The decision in Koziarski Estate v. Sullivan serves as a reminder that there are still cases where children born outside of marriage may fall outside the definition of a class of beneficiaries – like “issue” or “grandchildren” – in a will.[1] In Koziarski, the estate trustee brought an application for advice and directions relating to the interpretation of the word “issue” in the deceased’s 1977 will, which was made before the deceased had any grandchildren.

The deceased’s will contains the following residue clause:

3 (c) To divide the remainder of my estate equally among such of my children as shall be living at the time of my death; provided that if any of my children shall predecease me, leaving issue him or her surviving, such issue shall take in equal shares per stirpes the share that such deceased child would have taken if living.[2]
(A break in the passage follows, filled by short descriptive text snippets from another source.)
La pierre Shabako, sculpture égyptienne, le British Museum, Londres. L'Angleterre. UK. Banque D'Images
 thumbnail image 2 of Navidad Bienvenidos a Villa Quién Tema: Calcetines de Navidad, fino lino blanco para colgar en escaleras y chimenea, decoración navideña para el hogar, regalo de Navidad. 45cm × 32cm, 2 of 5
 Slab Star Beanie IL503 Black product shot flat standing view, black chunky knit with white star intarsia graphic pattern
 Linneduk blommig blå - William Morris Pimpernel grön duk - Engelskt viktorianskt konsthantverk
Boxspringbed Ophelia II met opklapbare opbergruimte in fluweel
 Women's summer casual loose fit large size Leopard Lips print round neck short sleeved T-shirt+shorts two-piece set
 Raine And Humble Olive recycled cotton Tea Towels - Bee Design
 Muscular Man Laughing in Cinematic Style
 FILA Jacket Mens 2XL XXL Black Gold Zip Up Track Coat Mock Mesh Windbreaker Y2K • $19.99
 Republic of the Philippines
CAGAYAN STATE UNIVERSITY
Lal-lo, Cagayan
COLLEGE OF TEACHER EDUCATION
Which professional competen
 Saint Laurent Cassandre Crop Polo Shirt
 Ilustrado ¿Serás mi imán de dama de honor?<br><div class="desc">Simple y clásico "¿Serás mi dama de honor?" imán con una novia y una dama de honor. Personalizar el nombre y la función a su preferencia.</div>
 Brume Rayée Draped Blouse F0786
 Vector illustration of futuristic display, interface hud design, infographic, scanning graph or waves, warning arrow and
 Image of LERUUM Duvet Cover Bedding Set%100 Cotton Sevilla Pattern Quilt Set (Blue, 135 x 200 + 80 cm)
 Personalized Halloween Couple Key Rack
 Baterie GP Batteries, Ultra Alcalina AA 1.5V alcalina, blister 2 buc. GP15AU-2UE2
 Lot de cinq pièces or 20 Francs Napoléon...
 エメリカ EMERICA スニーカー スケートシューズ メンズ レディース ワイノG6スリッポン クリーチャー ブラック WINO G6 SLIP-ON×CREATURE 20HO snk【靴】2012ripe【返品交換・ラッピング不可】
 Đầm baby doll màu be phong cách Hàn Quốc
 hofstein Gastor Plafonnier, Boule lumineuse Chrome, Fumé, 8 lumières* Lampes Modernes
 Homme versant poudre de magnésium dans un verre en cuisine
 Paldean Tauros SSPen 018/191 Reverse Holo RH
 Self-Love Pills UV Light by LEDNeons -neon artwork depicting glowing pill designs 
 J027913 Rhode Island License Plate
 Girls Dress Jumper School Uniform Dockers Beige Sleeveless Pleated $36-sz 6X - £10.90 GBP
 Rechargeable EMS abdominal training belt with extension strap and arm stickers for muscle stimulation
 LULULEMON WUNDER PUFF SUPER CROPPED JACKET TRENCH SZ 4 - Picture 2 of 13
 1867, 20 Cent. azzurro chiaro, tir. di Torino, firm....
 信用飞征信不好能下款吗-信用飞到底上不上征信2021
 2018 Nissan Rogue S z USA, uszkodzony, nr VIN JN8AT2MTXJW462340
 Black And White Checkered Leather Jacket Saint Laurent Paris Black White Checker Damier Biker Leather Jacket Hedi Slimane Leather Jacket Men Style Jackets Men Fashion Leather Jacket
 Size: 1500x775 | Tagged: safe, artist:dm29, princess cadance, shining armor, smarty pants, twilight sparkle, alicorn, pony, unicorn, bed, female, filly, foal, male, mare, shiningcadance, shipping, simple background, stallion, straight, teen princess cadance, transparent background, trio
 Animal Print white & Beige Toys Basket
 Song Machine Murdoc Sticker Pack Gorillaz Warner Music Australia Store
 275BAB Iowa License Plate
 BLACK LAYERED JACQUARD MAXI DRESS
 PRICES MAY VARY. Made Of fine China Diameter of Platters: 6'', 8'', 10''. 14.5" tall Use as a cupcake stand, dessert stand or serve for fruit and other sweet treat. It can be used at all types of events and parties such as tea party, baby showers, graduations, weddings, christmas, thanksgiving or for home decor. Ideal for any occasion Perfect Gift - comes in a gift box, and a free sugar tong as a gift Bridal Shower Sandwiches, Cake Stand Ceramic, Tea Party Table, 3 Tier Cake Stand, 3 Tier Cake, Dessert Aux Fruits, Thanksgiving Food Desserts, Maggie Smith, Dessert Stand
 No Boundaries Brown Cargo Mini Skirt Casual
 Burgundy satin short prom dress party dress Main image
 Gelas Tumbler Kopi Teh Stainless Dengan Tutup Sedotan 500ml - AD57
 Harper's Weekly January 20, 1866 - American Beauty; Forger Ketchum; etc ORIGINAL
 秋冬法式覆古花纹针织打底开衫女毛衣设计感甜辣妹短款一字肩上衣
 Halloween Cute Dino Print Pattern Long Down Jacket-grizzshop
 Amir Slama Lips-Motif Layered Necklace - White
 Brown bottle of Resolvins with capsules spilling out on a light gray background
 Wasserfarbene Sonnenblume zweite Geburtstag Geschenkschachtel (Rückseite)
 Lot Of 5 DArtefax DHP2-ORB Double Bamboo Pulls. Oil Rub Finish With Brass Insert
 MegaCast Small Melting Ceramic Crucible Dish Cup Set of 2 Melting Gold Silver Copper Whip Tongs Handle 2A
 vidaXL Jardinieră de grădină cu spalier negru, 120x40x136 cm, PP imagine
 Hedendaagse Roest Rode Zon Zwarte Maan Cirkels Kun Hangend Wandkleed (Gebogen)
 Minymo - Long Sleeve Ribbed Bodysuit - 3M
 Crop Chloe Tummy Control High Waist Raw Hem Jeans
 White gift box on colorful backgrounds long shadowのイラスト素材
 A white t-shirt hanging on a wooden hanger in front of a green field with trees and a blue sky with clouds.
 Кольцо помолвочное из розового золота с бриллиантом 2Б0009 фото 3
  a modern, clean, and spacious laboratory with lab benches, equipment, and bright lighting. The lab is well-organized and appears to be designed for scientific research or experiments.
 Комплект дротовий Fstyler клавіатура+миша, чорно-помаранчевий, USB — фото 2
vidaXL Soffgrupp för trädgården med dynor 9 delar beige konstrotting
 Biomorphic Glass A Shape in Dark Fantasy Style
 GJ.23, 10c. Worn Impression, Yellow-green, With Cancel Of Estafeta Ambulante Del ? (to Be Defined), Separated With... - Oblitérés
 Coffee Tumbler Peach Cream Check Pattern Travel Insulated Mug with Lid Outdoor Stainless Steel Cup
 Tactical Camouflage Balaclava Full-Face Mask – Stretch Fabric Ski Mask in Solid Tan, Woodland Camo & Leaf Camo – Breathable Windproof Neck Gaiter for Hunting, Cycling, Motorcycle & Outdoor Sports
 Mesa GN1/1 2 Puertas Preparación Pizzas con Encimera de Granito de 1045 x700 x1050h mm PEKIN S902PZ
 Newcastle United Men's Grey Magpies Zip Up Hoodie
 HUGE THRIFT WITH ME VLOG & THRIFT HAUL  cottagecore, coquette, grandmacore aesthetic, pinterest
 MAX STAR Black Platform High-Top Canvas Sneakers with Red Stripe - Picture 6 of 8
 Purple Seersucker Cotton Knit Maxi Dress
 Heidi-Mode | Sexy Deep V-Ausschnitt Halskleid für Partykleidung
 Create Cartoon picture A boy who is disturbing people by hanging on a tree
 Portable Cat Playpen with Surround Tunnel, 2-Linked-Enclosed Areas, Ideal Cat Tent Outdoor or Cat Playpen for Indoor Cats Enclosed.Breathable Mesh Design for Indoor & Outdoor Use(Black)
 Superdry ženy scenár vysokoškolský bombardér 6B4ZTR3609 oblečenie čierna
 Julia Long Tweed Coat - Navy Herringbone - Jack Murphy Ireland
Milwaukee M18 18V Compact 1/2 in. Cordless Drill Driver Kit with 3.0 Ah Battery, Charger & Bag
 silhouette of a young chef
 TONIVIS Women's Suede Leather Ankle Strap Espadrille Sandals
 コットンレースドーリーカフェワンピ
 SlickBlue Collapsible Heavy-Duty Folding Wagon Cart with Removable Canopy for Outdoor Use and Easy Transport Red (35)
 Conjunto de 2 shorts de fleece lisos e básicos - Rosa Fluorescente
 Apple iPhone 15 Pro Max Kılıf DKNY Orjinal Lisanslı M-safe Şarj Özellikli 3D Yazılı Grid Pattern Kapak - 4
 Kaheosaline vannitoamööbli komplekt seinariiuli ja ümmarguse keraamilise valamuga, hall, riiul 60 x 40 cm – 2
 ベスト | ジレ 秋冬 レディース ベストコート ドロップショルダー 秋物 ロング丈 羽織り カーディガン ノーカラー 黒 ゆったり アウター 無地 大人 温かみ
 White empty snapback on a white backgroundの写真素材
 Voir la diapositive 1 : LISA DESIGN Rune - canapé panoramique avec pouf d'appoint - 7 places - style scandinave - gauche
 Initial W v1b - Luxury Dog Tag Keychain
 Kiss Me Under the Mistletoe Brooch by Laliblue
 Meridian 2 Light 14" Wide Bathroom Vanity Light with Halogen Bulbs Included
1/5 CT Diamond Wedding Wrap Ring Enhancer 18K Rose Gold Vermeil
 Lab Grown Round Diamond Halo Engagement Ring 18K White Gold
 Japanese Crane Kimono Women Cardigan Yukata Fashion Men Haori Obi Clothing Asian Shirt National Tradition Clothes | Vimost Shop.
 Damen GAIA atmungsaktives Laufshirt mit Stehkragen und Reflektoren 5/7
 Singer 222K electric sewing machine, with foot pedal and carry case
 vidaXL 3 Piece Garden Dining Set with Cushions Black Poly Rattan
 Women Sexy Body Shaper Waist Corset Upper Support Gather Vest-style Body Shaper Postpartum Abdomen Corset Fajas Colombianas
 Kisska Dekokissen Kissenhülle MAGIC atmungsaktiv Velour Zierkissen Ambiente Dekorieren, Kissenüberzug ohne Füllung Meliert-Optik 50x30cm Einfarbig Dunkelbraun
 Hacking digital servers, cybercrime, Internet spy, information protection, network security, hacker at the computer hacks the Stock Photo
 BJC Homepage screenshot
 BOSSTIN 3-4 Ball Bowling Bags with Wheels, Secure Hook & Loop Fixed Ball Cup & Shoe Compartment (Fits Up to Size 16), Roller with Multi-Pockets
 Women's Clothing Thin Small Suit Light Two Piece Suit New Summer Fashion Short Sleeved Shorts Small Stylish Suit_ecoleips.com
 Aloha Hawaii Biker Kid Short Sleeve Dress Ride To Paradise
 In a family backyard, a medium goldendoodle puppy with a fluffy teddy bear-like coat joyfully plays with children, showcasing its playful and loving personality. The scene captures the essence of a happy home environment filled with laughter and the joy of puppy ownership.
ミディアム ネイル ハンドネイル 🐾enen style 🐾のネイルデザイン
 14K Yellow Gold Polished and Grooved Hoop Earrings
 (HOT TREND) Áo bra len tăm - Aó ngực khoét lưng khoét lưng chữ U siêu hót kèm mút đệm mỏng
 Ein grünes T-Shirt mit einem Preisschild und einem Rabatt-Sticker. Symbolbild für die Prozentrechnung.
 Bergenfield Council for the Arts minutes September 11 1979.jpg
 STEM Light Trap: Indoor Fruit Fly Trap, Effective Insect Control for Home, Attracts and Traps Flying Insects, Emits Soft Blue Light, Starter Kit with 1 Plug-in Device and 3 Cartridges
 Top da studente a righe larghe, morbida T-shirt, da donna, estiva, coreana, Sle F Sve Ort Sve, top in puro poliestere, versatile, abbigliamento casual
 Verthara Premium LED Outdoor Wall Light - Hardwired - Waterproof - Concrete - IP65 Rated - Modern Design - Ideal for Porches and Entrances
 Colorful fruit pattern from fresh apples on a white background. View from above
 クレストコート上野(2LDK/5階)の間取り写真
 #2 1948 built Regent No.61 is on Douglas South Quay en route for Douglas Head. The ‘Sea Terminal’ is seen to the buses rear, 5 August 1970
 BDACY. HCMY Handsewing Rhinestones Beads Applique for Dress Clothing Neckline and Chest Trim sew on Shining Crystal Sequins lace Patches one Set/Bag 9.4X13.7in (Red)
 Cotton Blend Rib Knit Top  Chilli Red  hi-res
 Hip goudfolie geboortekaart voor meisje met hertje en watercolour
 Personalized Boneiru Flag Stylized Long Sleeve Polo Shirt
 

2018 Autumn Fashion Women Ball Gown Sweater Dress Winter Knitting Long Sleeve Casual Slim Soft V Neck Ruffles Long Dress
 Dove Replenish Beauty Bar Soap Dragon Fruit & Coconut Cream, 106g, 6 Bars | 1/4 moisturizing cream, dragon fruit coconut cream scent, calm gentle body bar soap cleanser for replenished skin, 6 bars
The application for advice and directions was brought because one of the deceased’s children, who had an illegitimate child, died before the testator. The Court was therefore tasked with determining whether or not the word “issue” in the deceased’s will included the deceased’s illegitimate grandchild.

The applicable legislative provision, s. 1(3) of the Succession Law Reform Act,[3] which provides that children born outside of marriage are treated the same as children of a marriage, unless a contrary intention is shown in the will. However, s. 1(4) provides that “Subsection (3) applies in respect of wills made on or after the 31st day of March, 1978.”

Counsel for the illegitimate grandson of the deceased argued that, while the s. 1(4) presumption applies only to wills made after March 31, 1978, the Court was not barred from interpreting the word “issue” based on modern, inclusive social mores. Counsel relied on an interesting series of cases from British Columbia[4] to argue that the Court could apply the modern definition of “issue” to wills made prior to the enactment of s. 1(3).

In the earliest of those cases, Re Hogbin Estate, the Court was asked to interpret a clause in a 1927 will that left the residue of the estate to the surviving children of the deceased’s daughter. The deceased’s daughter died leaving one child, born outside of marriage. Manson J. held that the illegitimate granddaughter of the deceased was entitled to inherit the residue, relying on the surrounding circumstances at the date of execution as well as a 1925 amendment to the Administration Act,[5] which allowed illegitimate children to inherit on an intestacy. His Honour also relied on a series of English cases that favoured modern interpretations of terms where previous interpretations would create an injustice.[6]

Despite the submissions from the illegitimate grandson, the Court held that he was not entitled to inherit a portion of the residue, as s. 1(3) could not be applied to wills executed in 1977. Additionally, it could not be determined whether the deceased intended any illegitimate heirs to inherit based on the surrounding circumstances at the date of execution or the words of the will, which was executed prior to the birth of any of the deceased’s grandchildren. The Court was therefore unable to apply current notions of public policy to allow the illegitimate grandson to inherit under the deceased’s will.